**Material for this exercise**
BEGIN
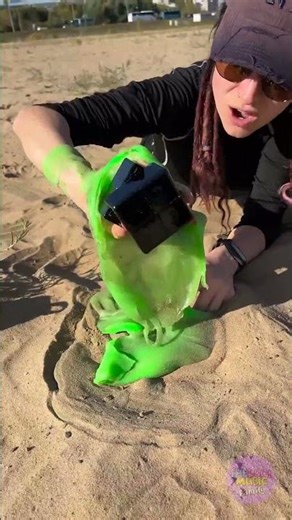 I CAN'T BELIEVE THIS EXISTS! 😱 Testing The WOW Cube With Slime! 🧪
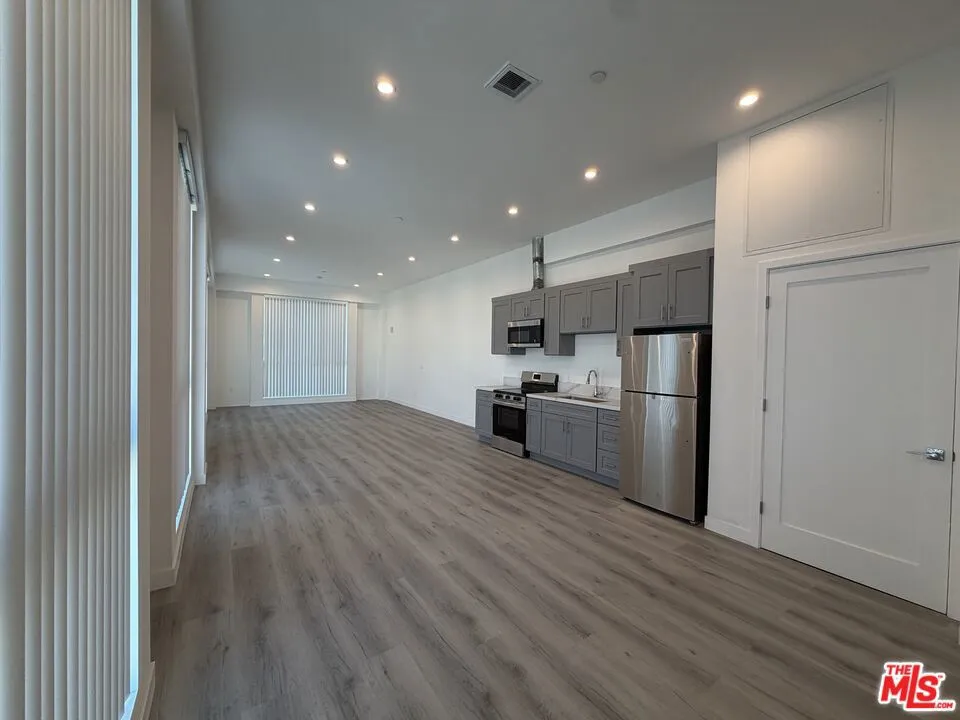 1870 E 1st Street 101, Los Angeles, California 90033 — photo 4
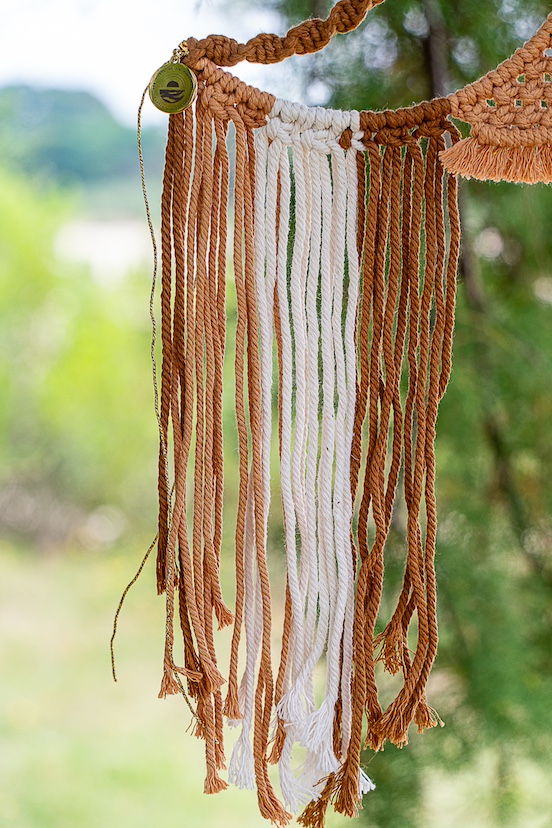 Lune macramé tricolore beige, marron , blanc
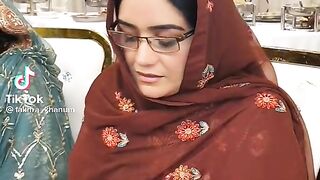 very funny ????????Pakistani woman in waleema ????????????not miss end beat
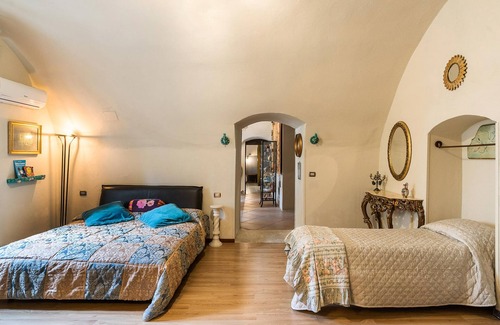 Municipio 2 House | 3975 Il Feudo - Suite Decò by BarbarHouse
END
BEGIN
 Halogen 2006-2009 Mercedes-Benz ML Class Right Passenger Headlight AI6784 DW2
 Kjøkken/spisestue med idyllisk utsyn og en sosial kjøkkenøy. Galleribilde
END
**Assigned task**
Extract the part of the records that opens with the line containing "very funny ????????Pakistani" and closes with the line containing "Municipio 2 House". Take only those lines, exactly, and no pictures.

**Exercise response**
 very funny ????????Pakistani woman in waleema ????????????not miss end beat
 Municipio 2 House | 3975 Il Feudo - Suite Decò by BarbarHouse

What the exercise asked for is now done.